⟨
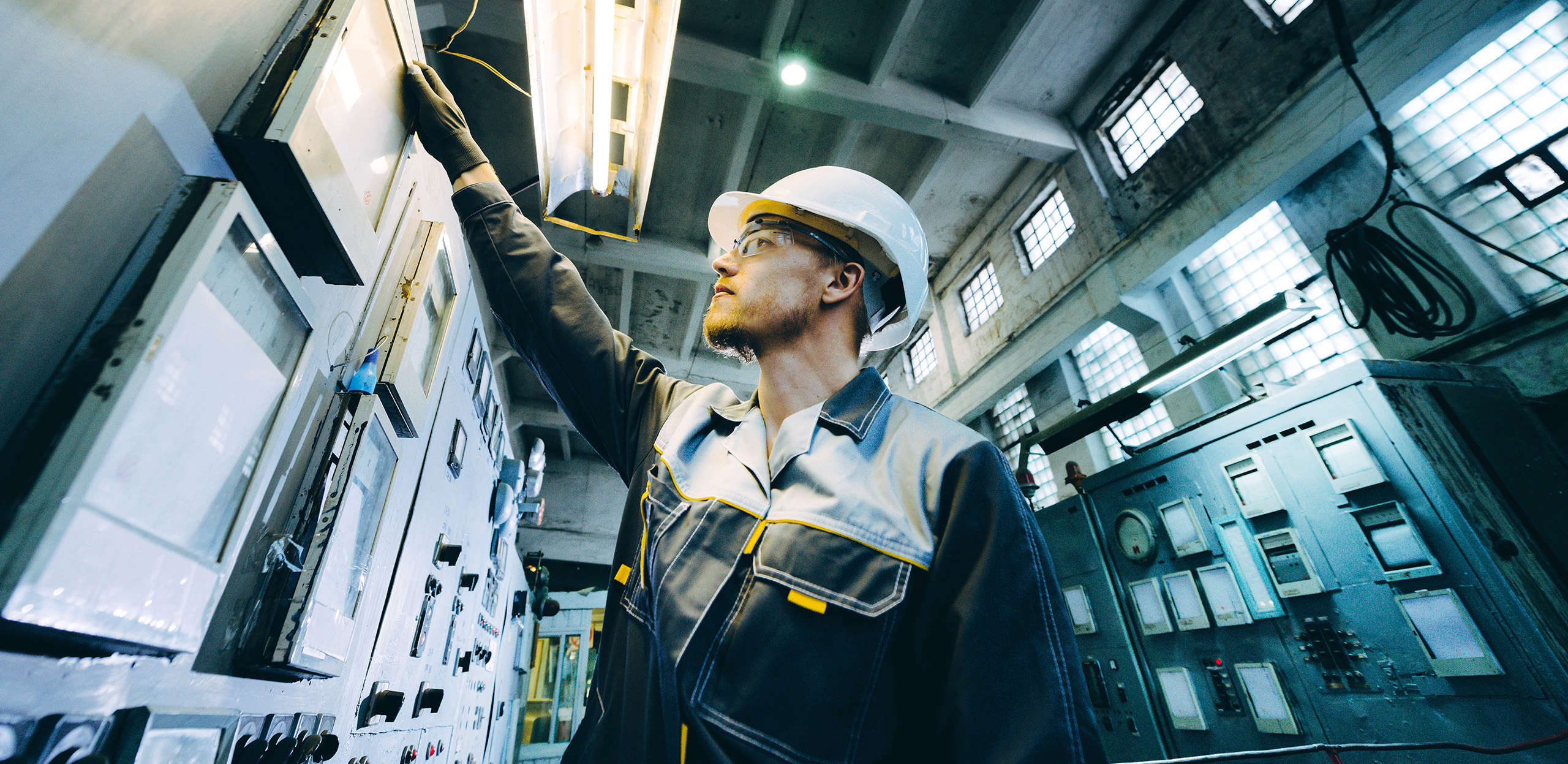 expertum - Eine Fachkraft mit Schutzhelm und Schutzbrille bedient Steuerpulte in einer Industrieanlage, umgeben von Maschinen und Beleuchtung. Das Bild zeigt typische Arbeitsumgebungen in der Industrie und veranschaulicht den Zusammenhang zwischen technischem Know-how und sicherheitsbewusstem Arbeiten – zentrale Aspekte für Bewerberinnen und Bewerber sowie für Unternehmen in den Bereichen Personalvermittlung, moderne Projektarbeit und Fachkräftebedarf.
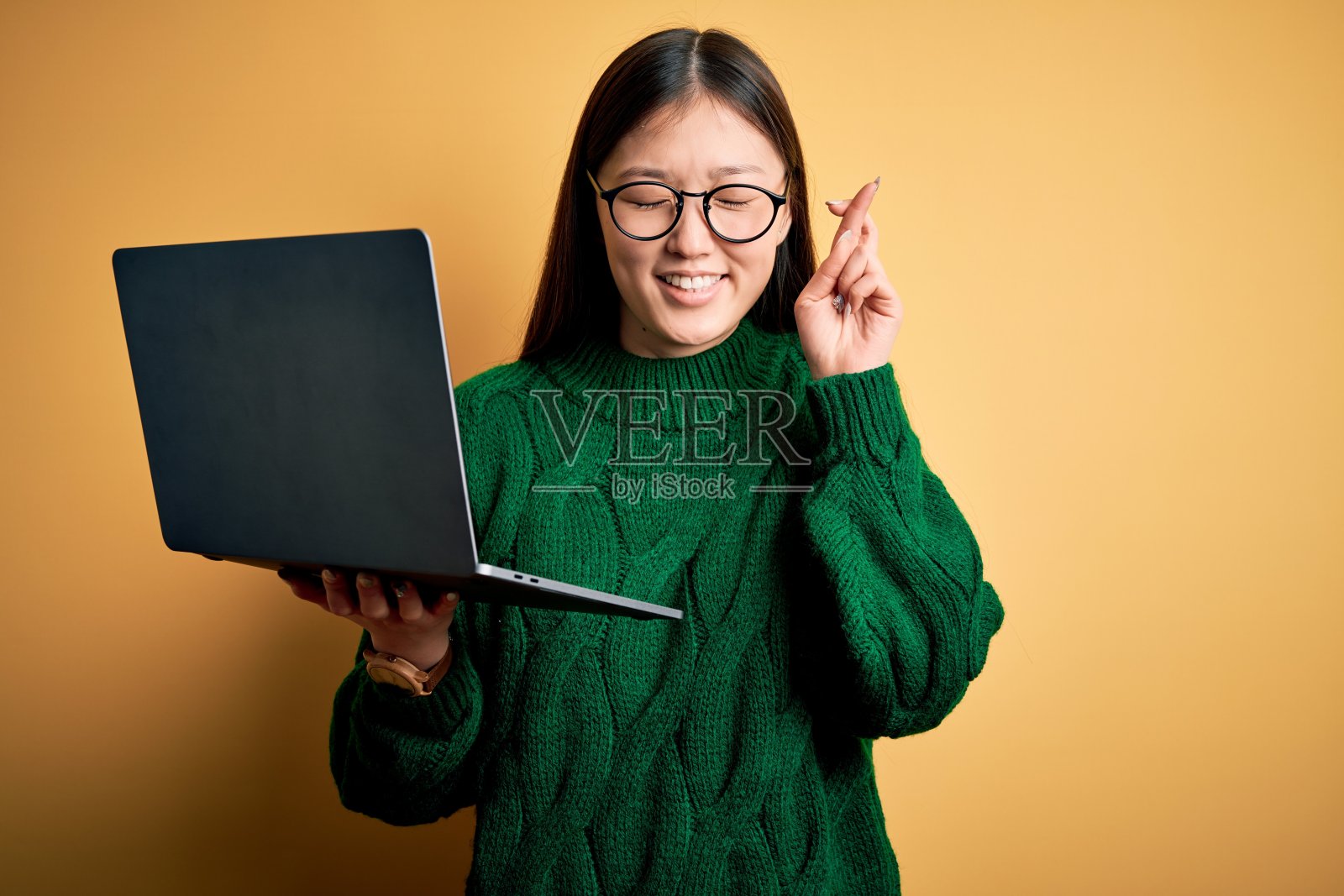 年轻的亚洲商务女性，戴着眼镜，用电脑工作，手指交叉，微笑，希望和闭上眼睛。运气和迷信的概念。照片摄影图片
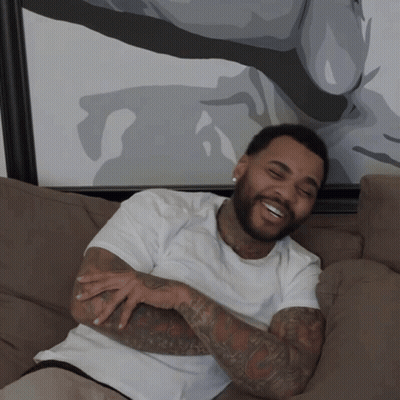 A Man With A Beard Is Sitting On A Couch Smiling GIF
⟩
⟨
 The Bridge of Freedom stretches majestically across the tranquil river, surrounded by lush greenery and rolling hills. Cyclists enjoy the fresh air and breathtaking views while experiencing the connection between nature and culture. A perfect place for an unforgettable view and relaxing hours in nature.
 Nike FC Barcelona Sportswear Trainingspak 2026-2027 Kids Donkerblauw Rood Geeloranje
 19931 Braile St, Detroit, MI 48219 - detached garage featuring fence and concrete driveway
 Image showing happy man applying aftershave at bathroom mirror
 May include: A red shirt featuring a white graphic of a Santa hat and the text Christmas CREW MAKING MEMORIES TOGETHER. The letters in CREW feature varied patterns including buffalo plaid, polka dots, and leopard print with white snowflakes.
⟩
◆ Instructions for the task ◆
Look above for the line with "expertum - Eine", then print it and each line after it down to and including the line with "A Man With A". Leave out the pictures and keep the wording exact.

◆ Exercise result ◆
 expertum - Eine Fachkraft mit Schutzhelm und Schutzbrille bedient Steuerpulte in einer Industrieanlage, umgeben von Maschinen und Beleuchtung. Das Bild zeigt typische Arbeitsumgebungen in der Industrie und veranschaulicht den Zusammenhang zwischen technischem Know-how und sicherheitsbewusstem Arbeiten – zentrale Aspekte für Bewerberinnen und Bewerber sowie für Unternehmen in den Bereichen Personalvermittlung, moderne Projektarbeit und Fachkräftebedarf.
 年轻的亚洲商务女性，戴着眼镜，用电脑工作，手指交叉，微笑，希望和闭上眼睛。运气和迷信的概念。照片摄影图片
 A Man With A Beard Is Sitting On A Couch Smiling GIF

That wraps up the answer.